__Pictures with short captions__

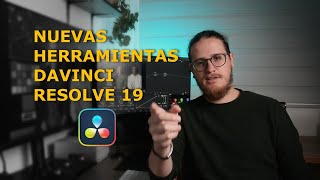 Top Nuevas Herramientas Davinci Resolve 19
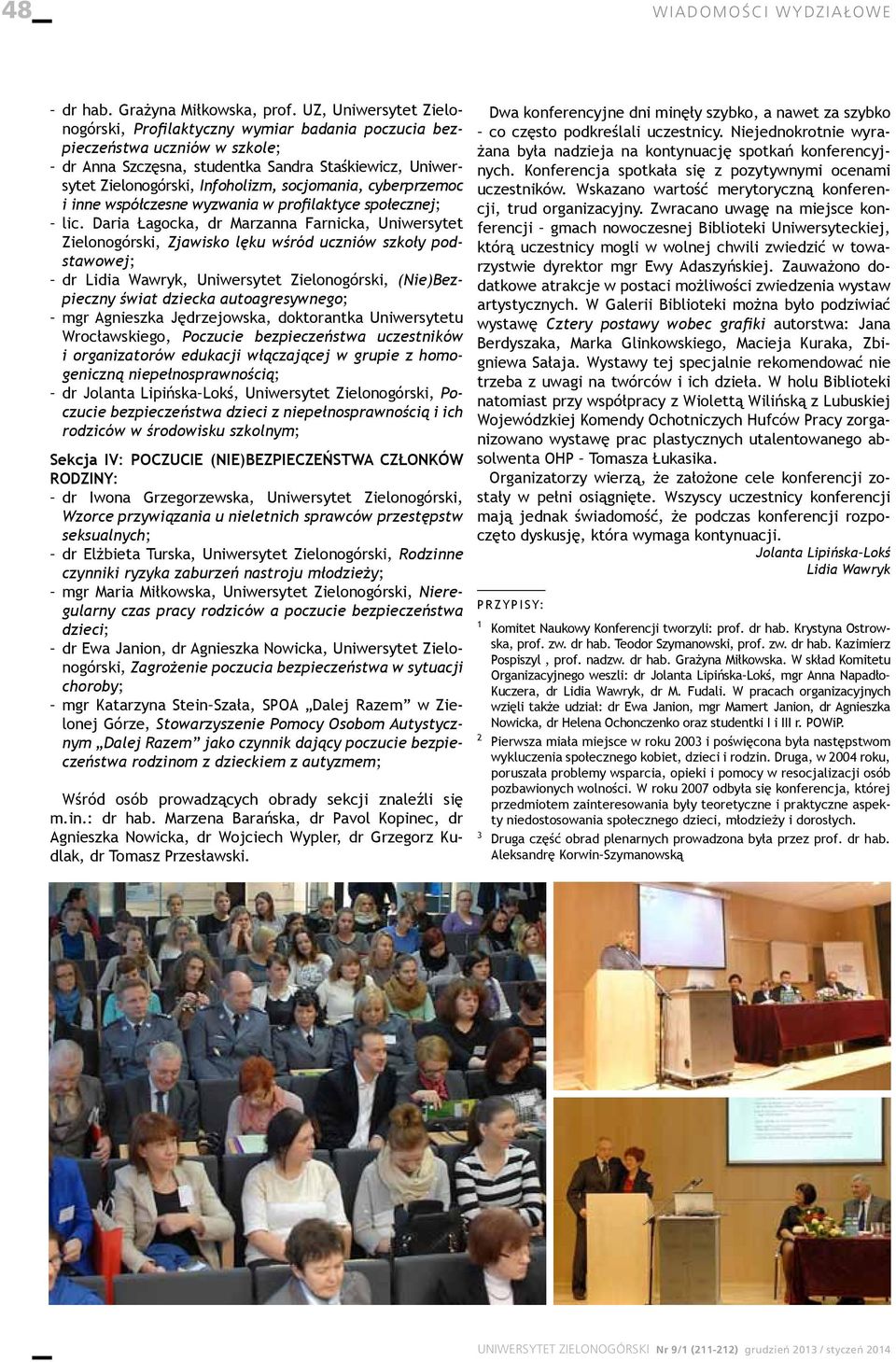 socjomania, cyberprzemoc i inne współczesne wyzwania w profilaktyce społecznej; lic.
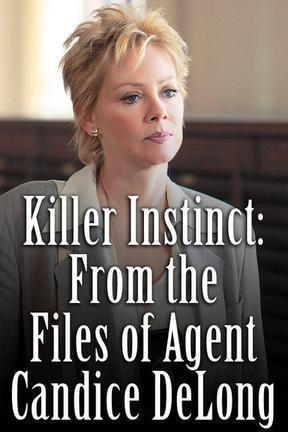 Killer Instinct the Files of Agent Candice DeLong dvd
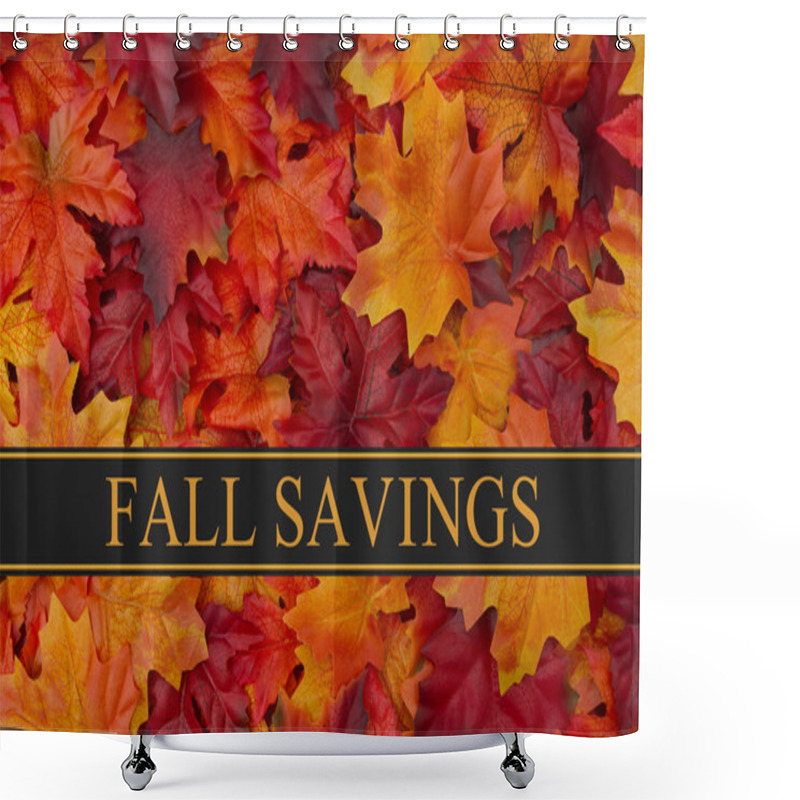 Personality  Fall Savings Message Shower Curtains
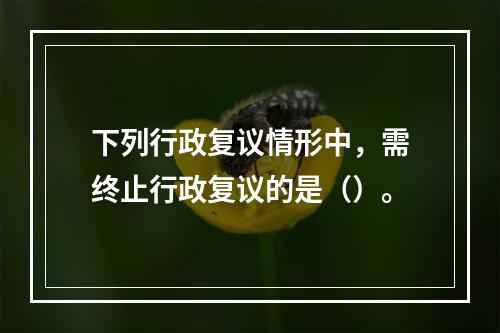 下列行政复议情形中，需终止行政复议的是（）。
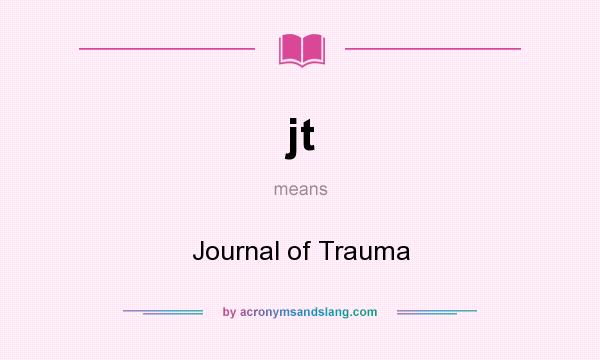 What does jt mean? It stands for Journal of Trauma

__WHAT YOU WILL DO__
Leave out all pictures and retype precisely the lines that run from the line containing "下列行政复议情形中，需终止行政复议的是（）。" to the last line of the records.

__SOLVED EXERCISE__
 下列行政复议情形中，需终止行政复议的是（）。
 What does jt mean? It stands for Journal of Trauma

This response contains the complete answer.